Interesting article in the NYTimes

I was away this week on a much-needed vacation, and several people sent me this article on weight loss and maintenance in the NY Times, which I highly recommend reading all of, even though it’s fairly long:

The Fat Trap

I went through several emotions as I read this, starting with recognition (the blogger from Davis, CA that they interview could have been me about 4 years ago), depression, denial, outrage…the gamut. And then I realized that reading this changes nothing – it only shines a light on things I already knew, and you do too if you’ve been managing a weight loss for any length of time.

However, I think the really important thing I realized is that they mostly talked about people who’ve been maintaining for short periods of time, in fact the article specifically mentions that they think the metabolic and biological effects start to settle down after 4-6 years, but of course they can’t be sure because they don’t have many people to study who have maintained for that long. Lots of people lose and maintain for a year or two, longer term management is rare and I sometimes feel like an old battle-scarred soldier on this front. People tell me they’ve lost some weight and kept it off for a year and I think, “Don’t stop now, kid, you’re hardly out of the trench, keep charging hard!” It gets easier, or it gets more habitual. In any case, unlike the blogger they interviewed, I don’t have to be quite so strict anymore. You’ve got to get over the hump before it becomes habitual, and it’s a real slog getting there, no matter what method you use.

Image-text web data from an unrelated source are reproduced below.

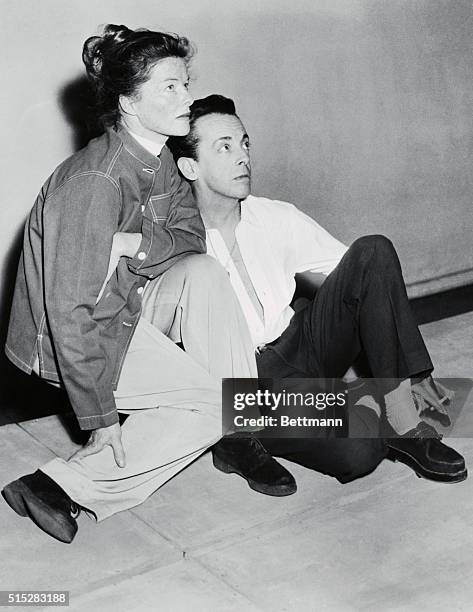 Katharine Hepburn and Robert Helpmann relax during a break in rehearsal during a series of Shakespearean plays they will be performing on a tour of...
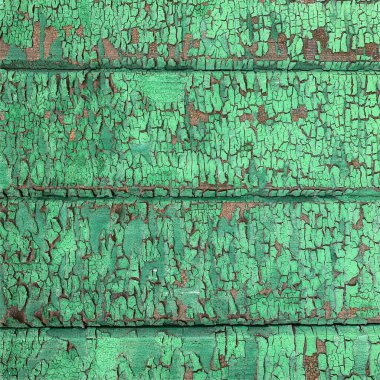 Yıpranmış boya desenli ahşap bir duvar.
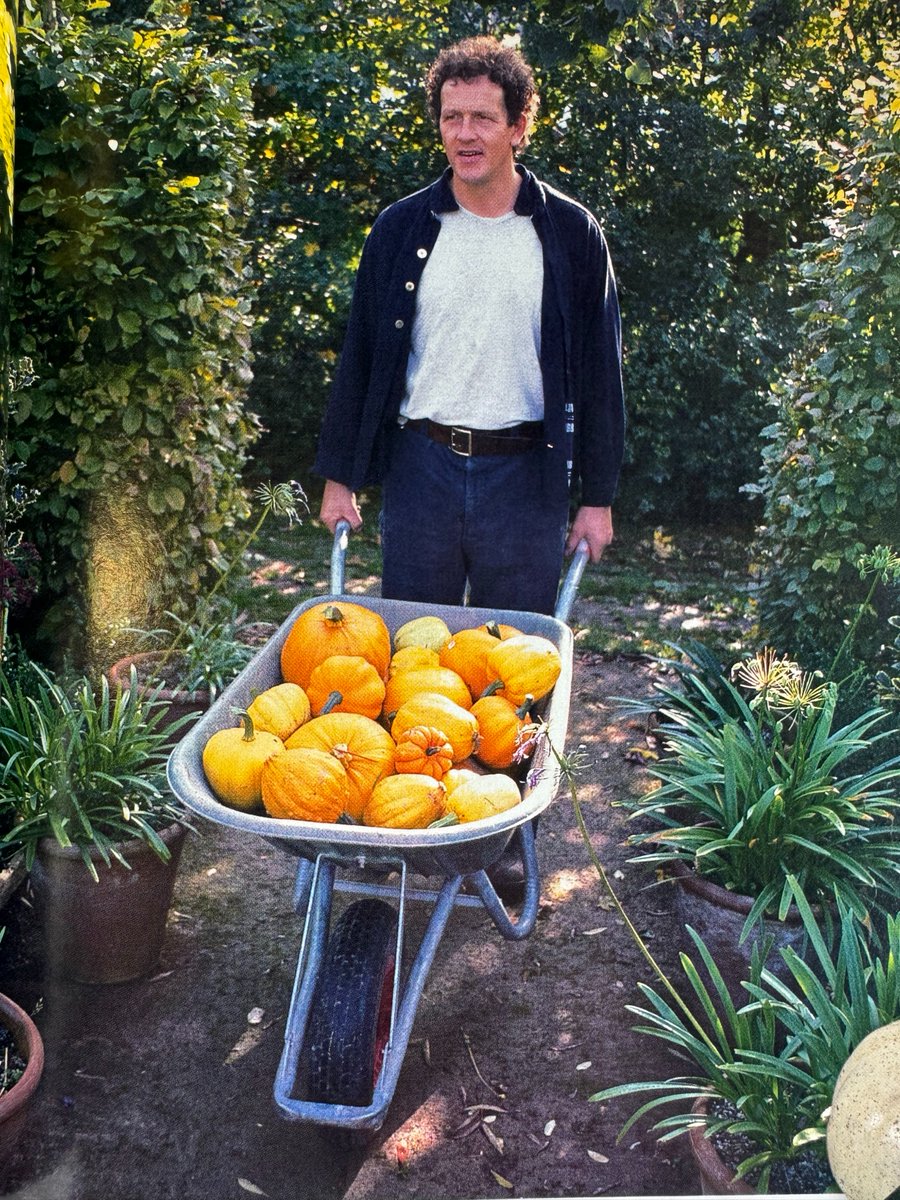 Monty Don wearing a white tshirt and jeans, pushing a wheelbarrow full of pumpkins in a garden.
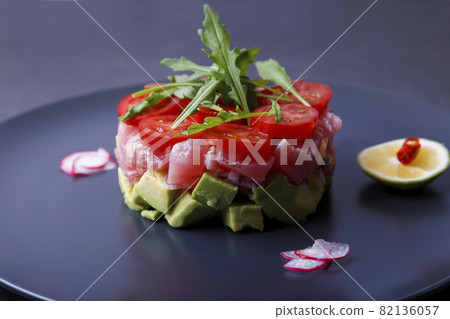 Fresh tuna tartare with avocado, arugula, cherry tomatoes, radish, chili and lime. Traditional cold appetizer of French cuisine. Close-up, selective focus. Fresh tuna tartare with avocado, arugula, cherry tomatoes, radish, chili and lime. Traditional cold appetizer of French cuisine. Close-up, selective focus. 82136057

Another point I was pleased to note (because it’s one of my constant themes) is that not one of the people interviewed was maintaining at their lowest weight ever. It’s just not feasible, it’s all part of the learning process – you get to an amazing low weight, enjoy it for a few weeks/months and realize – “Holy crap, this is hard to maintain!” and adjust up to a more realistic weight. The reason I always emphasize this is that I had to learn the hard way that this adjustment is not a failure – it’s normal. It’s all part of figuring out what is a reasonable place to live. Finding my maintenance weight for me was figuring out where the lowest weight I can possibly achieve meets the highest weight I’m willing to see on the scale.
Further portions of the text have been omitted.